The present disclosure relates to a wind turbine blade and a wind turbine generator having the wind turbine blade.

BACKGROUND ART

With increased environmental awareness, wind turbine generators are becoming popular. A wind turbine generator normally has a rotor with a plurality of blades attached to a hub. The rotor is installed to a nacelle which is placed on a tower installed onshore or offshore. In this type of wind turbine generator, the rotor rotates upon receiving wind on the blade, rotation of the rotor is transmitted via a drive train part to a generator housed in the nacelle, and then electric power is generated by the generator.

In Patent Literature 1, a blade for a wind turbine generator is disclosed.

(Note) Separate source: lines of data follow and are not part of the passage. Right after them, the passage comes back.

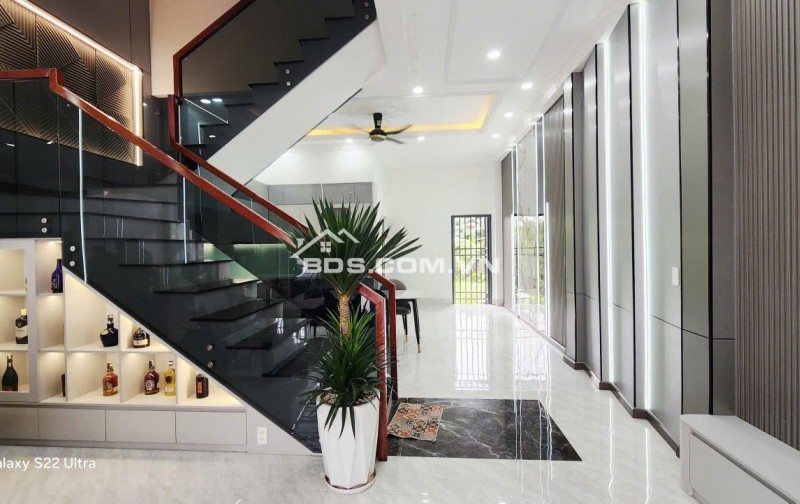  BÁN NHÀ MẶT TIỀN KINH DOANH – NHÀ MỚI XÂY, KIẾN TRÚC HIỆN ĐẠI – PHƯỜNG DĨ AN, TP. DĨ AN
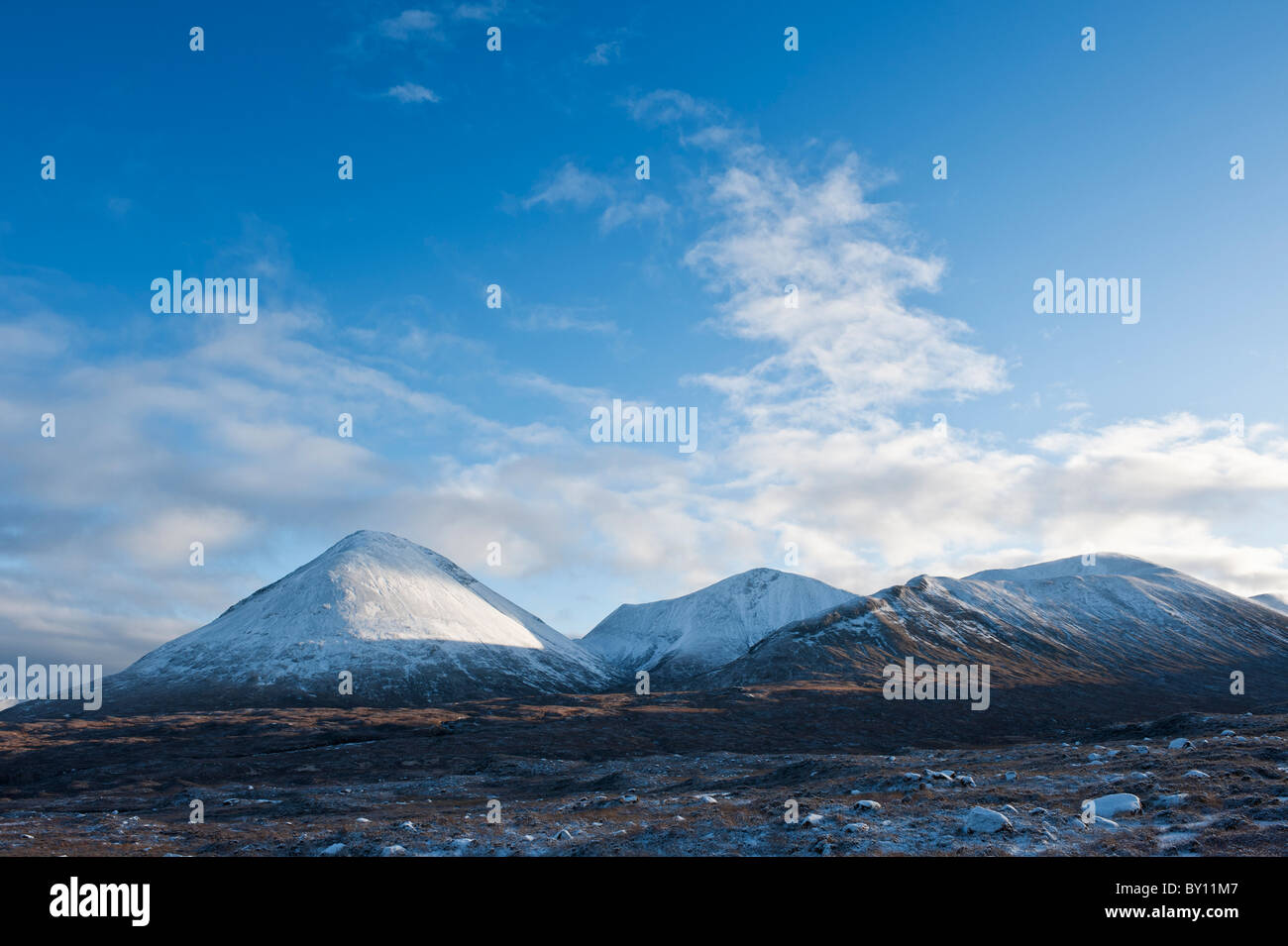 Vue d'hiver paysage couvert de neige et Red Cuillin Hills, à l'île de Skye, en Ecosse Banque D'Images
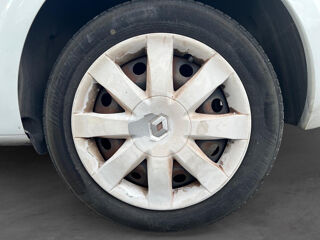 Clio III 1.2 16V 75 Aliz&eacute; 2012 occasion 83190 Ollioules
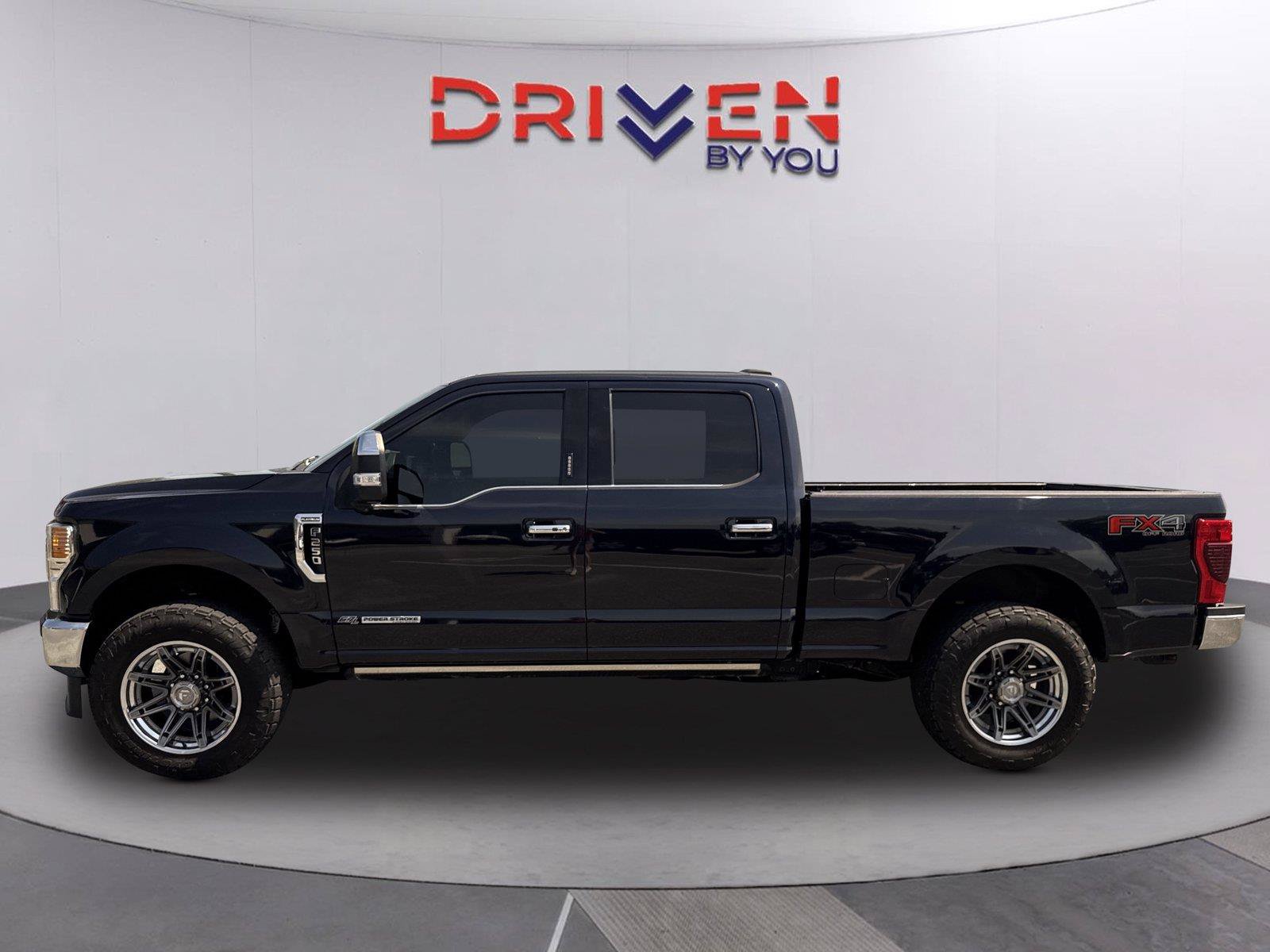 Used 2022 Ford F250 Platinum w/ FX4 Off-Road Package AWD/4WD image 7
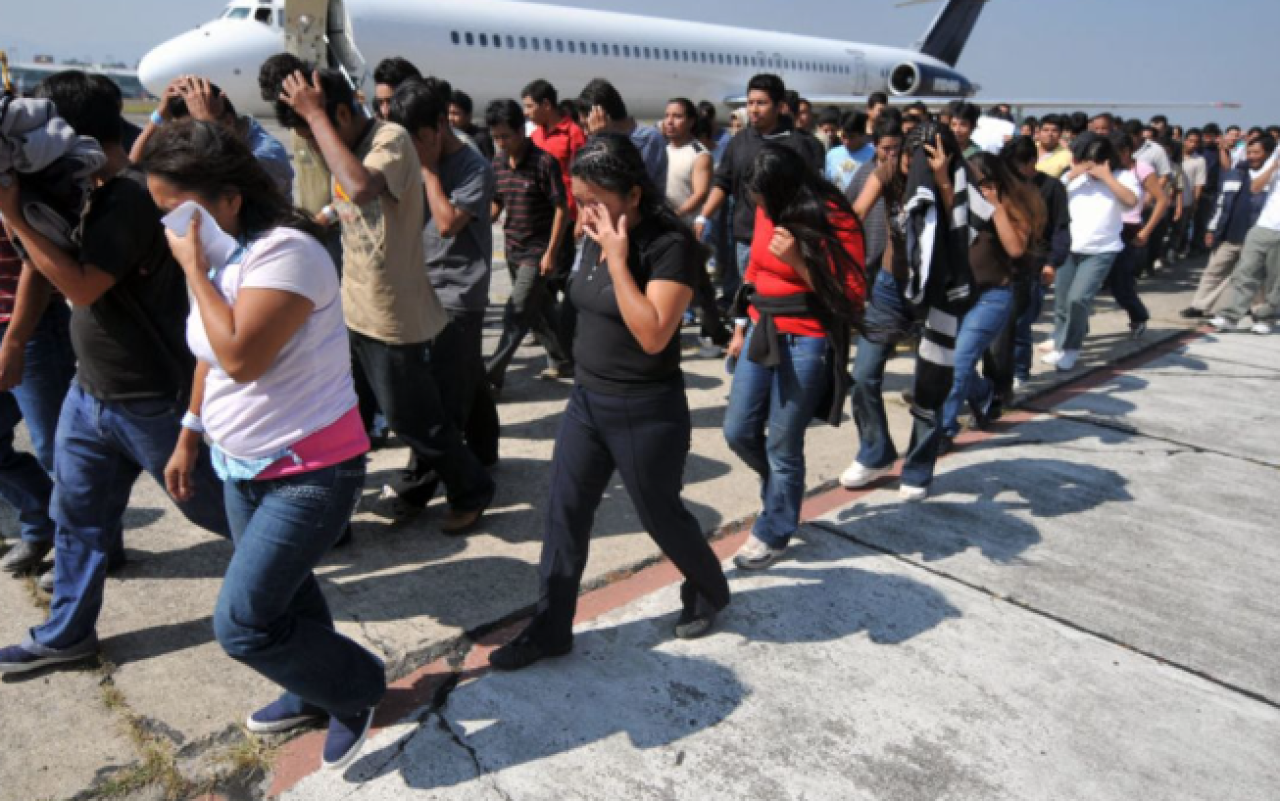 Bloquea jueza federal de EU deportaciones rápidas de migrantes por violar debido proceso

The blade includes an erosion protection coating on a blade surface to protect the blade from erosion.

CITATION LIST

Patent Literature

PTL 1

US 2011/0142678

SUMMARY

Technical Problem

It is know that erosion of the wind turbine generator largely relies on a collision speed (tip speed of the blade). Thus, as the length of the blade increases in accordance with the increased size of the wind turbine generator, the circumferential of the speed increases. As a result, erosion is likely to occur.

Further, the increased length of the blade leads to a wider erosion area in the longitudinal length of the blade, in which erosion becomes evident within a prescribed period. Thus, a speed of erosion progression (an erosion speed) may differ within the erosion area. Therefore, even by repairing a portion where erosion became evident through blade maintenance, it is likely that erosion becomes evident after a short time in other portions of the blade as well.

For this reason, the frequency of maintenance on the blade tends to become high for a long wind turbine blade.

However, in the long wind turbine blade, the area of erosion in the longitudinal direction of the blade where erosion tends to be evident is wide. By protecting the entire area by providing an expensive coating having excellent anti-erosion properties, a production cost of the blade rises.

In this point, there is no measure proposed in Patent Literature 1 to suppress rise in the production cost of the blade while lowering the frequency of maintenance on the blade.

It is an object of at least one embodiment of the present invention to provide a wind turbine blade and a wind turbine generator having the wind turbine blade, which make it possible to reduce the maintenance frequency and the production cost.

Solution to Problem

According to at least one embodiment of the present invention, a wind turbine blade attached to a hub of a wind turbine generator comprises: blade body; a first covering layer which covers at least a leading edge in a first region including a tip part of the blade body; and a second covering layer which covers at least the leading edge in a second region of the blade body, the second region being disposed on a hub side of the first covering layer, and the first covering layer has a higher erosion resistance than the second covering layer.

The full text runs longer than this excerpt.